Converging–Diverging Nozzle Flow

Consider ideal gas flow in a converging-diverging nozzle ($\rm A_{throat} =10\, cm^2$ and $\rm A_{exit} =40\, cm^2$), fed by a reservoir ($\rm T_0$ =20°C, $\rm p_0$ = 500 kPa absolute). Determine the nozzle exit pressures such that M=1 in $\rm A_{throat} ≡ A^*$ . Specifically, a varying receiver pressure, $\rm p_r$, can produce different mass flow rates and throat conditions (see Sketch)

Sketch:

Note: Receiver (or back) pressure pr can be regulated via a valve and vacuum pump

## Verified Solution

Clearly, when $\rm p_r = p_0$ (see Curve A), no flow can occur. If $\rm p_r$ is slightly lower than $\rm p_0$, subsonic flow occurs (see Curve B). Lowering $\rm p_r$ further results in a pressure distribution $\rm p(x)/p_0$ (see Curve C) where M = 1 in the throat. Now, a second particular $\rm p_r$ – value generates again subsonic flow with M = 1 in the throat, i.e., Curve D, because there are two solutions to Eq. (3.57) for $\rm M_{exit}$ or for that matter to Eq. (3.62).

$\rm\frac{p_0}{p} =\left\lgroup1+\frac{k-1}{2}M^2 \right\rgroup ^{\frac{k}{k-1} }$                                (3.57)

$\rm\frac{A^*}{A} =M\left[\frac{k+1}{2+(k-1)M^2} \right] ^{\frac{k+1}{2(1-k)} }$                              (3.62)

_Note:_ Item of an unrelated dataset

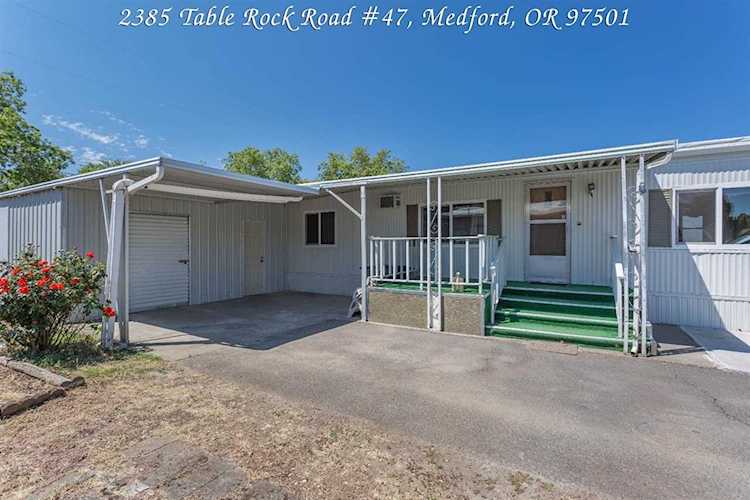 2385 Table Rock Rd Medford Jackson OR { zip} Photo 1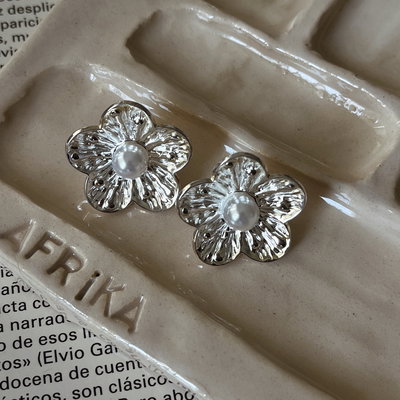 aros pearly flowers 1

Given $\rm A_{exit} / A_{throat} ≡ A / A^*= 40 /10 =4$ and using Eq. (3.62), two $\rm M_e$ – values can be obtained via trial-and-error, i.e., $\rm M_e ≈ 0.147$  and $\rm M_e ≈ 2.94$ . Employing Eq. (3.57), the corresponding exit pressures are

$\rm p_e\equiv p_r\hat =p_c=0.985p_0~\text{and}~p_D=0.0298p_0$

or with $\rm p_0$ = 500 kPa

$\rm p_c=492.5\,kPa~\text{and}~p_D=15\,kPa$

Graph:

• To generate Curve C, the pressure drop is only $\rm p_0 − p_c$ =7.5 kPa
• The associated exit temperature conditions are $\rm T_c$ =292 K and $\rm T_D$ = 107 K
$\rm v_c=M_c\sqrt{kRT_c}=50\,m/s$
$\rm v_D=M_D\sqrt{kRT_D}=610\,m/s$
• Any outlet pressure in the range of $\rm p_c < p_r < p_D$ , generating pressure distributions $\rm p(x)/p_0$ between Curves C and D, produce shock waves inside or outside the diverging part of the nozzle and the flow is generally non-isentropic.